The members of Pink Floyd, which first formed in 1965, always have had fractious personal relations, even as they became one of the most commercially successful rock acts in history. The group initially split in 1983 after Waters increasingly became the band’s dominant songwriter over the preceding decade (Wright had left a couple of years earlier). In the mid-‘80s Gilmour reunited the band under the Pink Floyd name without Waters, toured stadiums and released several albums, while Waters pursued a solo career and played considerably smaller venues.

Over the decades the bandmembers have argued about virtually everything, often publicly. The recent release of a remastered edition of the group’s 1977 album “Animals” was held up for months over disagreements regarding Waters’ liner notes, which he eventually published on his website with a snarky note about the other members. And two different 50th anniversary editions of their epochal 1973 album “Dark Side of the Moon” are on the way: a remastered version from the band’s camp, and a newly recorded one from Waters that did not include his erstwhile bandmates. (Waters told the Telegraph last month, “I wrote ‘Dark Side of the Moon.’ Let’s get rid of all this ‘we’ crap! Of course we were a band, there were four of us, we all contributed – but it’s my project and I wrote it.” However, he is the sole credited writer on just three of the album’s 10 songs, which may complicate plans to release his new version.)

Yet the band was always savvy about the value of the catalog and far-sighted about its ownership: On a purely business level, the Pink Floyd recorded-music catalog, not to mention its merchandising rights, is one of the most valuable in contemporary music; it also includes classic albums like “The Wall,” “Wish You Were Here,” “Meddle,” “Piper at the Gates of Dawn,” “More” and more. (Song publishing is not included in the prospective Pink Floyd deal.) And after the sales of catalogs by Bob Dylan, Bruce Springsteen — both for a total of around $600 million — Neil Young, Stevie Nicks, James Brown (all around the low nine figures) and many others, it is one of the most lucrative and desirable known to be on the market.

Although the group participated in the boxed-set mania of the 1990s, they held back most of the vast amount of archival material in their vaults until they acquired the rights to the catalog (presumably in a contract renegotiation), and in 2016 began a lavish reissue campaign that includes dozens of unreleased songs, alternate versions, live recordings and videos. The first of these, “The Early Years 1965-1972,” was released in 2016 in formats ranging from a 2-CD set to a gargantuan 33-disc, $699 deluxe edition. Although many expected the next set to feature the band’s commercial peak years of 1973-80 — which include “Dark Side of the Moon,” “Wish You Were Here,” “Animals” and “The Wall” — instead the group released a collection of less-popular material from the ‘90s. Why? Because the catalog is much more valuable with that peak-era material still in the vault, which would enable the buyer to release it; even the forthcoming “Dark Side” anniversary reissue contains no previously unreleased material.

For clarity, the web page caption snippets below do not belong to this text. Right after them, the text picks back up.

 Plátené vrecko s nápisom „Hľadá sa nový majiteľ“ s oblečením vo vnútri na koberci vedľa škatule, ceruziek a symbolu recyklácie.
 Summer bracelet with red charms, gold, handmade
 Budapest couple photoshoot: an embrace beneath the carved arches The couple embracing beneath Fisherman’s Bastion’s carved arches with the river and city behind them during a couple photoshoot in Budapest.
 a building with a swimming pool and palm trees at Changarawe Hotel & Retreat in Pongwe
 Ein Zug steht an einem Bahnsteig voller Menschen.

However, Waters’ recent remarks gave pause to some prospective buyers — which FT said include Sony Music, Warner Music, BMG, Primary Wave and Blackstone-backed Hipgnosis Songs Capital — and arguably have had a negative impact on the value of the catalog. At least one potential buyer is known to have pulled out because of them.

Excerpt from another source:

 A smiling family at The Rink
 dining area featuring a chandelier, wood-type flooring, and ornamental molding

Of course, it’s possible that the band members, all of whom are in their late 70s, and their advisers have decided to bide their time for a while longer, let the tempest around Waters’ comments subside, and try again in a couple of years. After all, they’ve waited this long.

“It’s one of the most valuable music catalogs of the past 50 years,” one source concluded. “Will it be worth as much in two or five years — or worth even more? Sure. They can afford to wait.”